* _WHAT TO DO_:
Make an exact transcript of the lines in the data below, starting with the one containing "Imagem 3: QNM" and going on through the one containing "Keysplease Modern Beach", with both included and the pictures left out.

-------- EXTRACTED INFORMATION --------

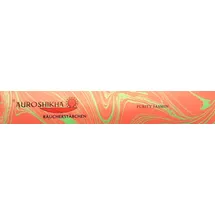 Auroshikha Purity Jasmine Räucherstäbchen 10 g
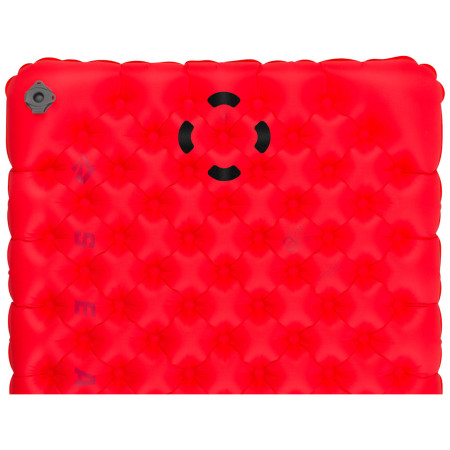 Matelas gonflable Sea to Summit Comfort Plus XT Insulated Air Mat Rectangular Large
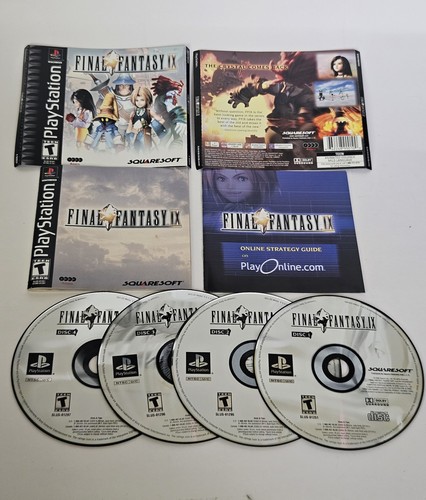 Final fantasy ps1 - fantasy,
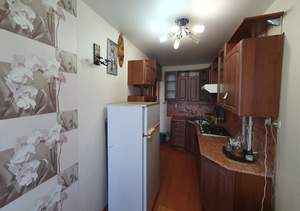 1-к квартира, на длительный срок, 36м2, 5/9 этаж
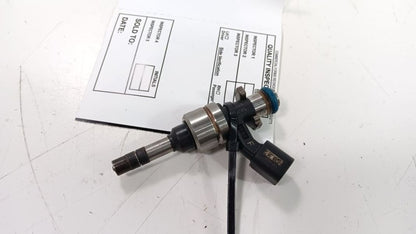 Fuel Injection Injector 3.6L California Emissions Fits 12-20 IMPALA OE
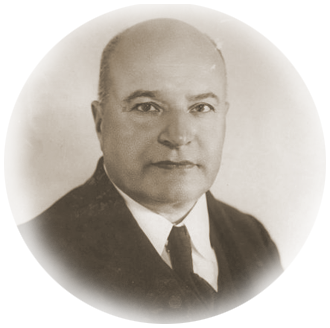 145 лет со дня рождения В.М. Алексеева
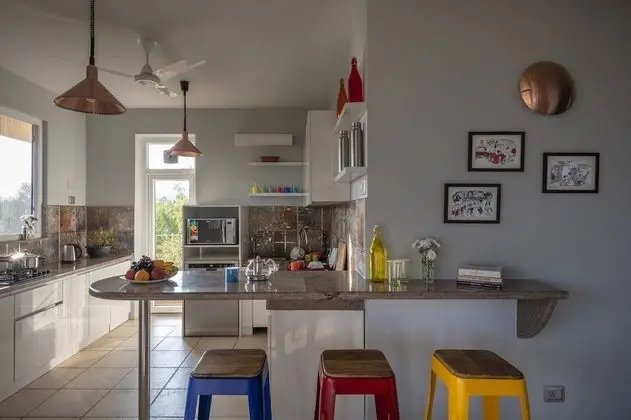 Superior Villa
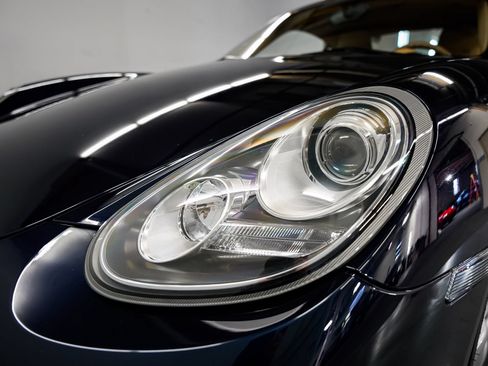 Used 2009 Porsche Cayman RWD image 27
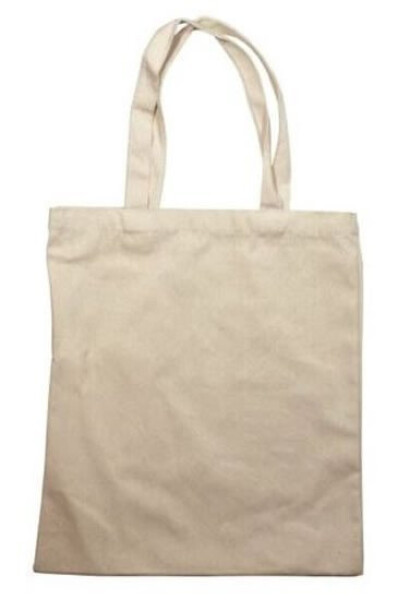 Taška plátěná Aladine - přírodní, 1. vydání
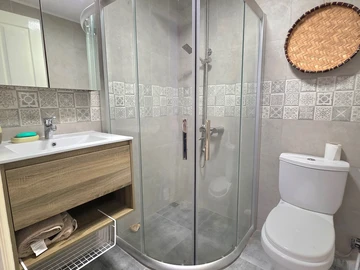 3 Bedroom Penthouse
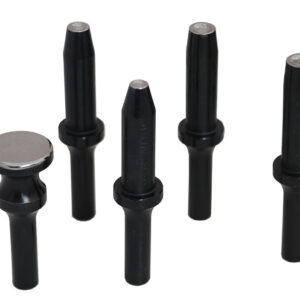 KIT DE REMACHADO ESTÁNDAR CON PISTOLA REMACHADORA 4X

--------
-------- EXTRACTED INFORMATION --------

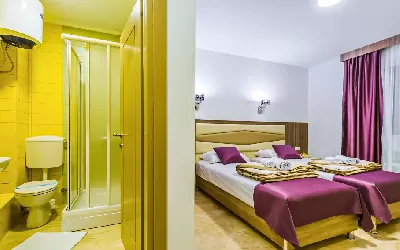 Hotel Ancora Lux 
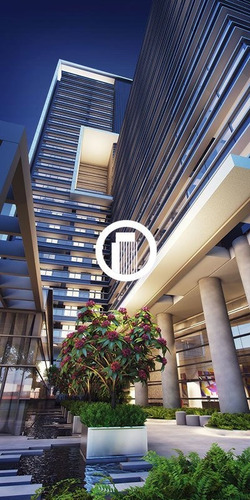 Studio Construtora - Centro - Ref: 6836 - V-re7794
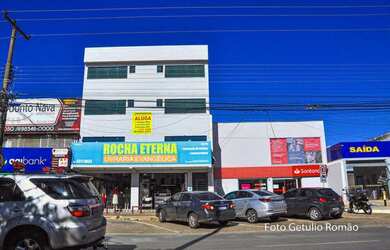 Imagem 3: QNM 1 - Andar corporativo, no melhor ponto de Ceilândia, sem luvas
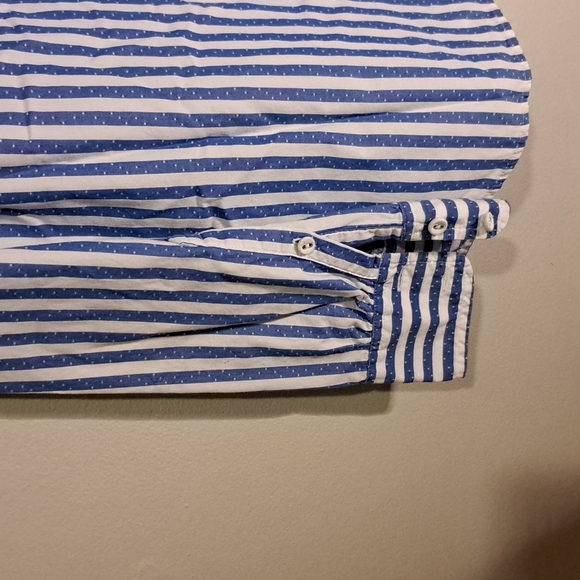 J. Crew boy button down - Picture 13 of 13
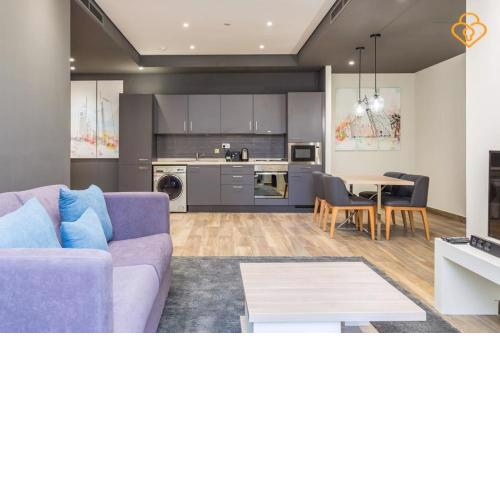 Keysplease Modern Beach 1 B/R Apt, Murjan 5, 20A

--------

* _RESPONSE BOX_:
 Imagem 3: QNM 1 - Andar corporativo, no melhor ponto de Ceilândia, sem luvas
 J. Crew boy button down - Picture 13 of 13
 Keysplease Modern Beach 1 B/R Apt, Murjan 5, 20A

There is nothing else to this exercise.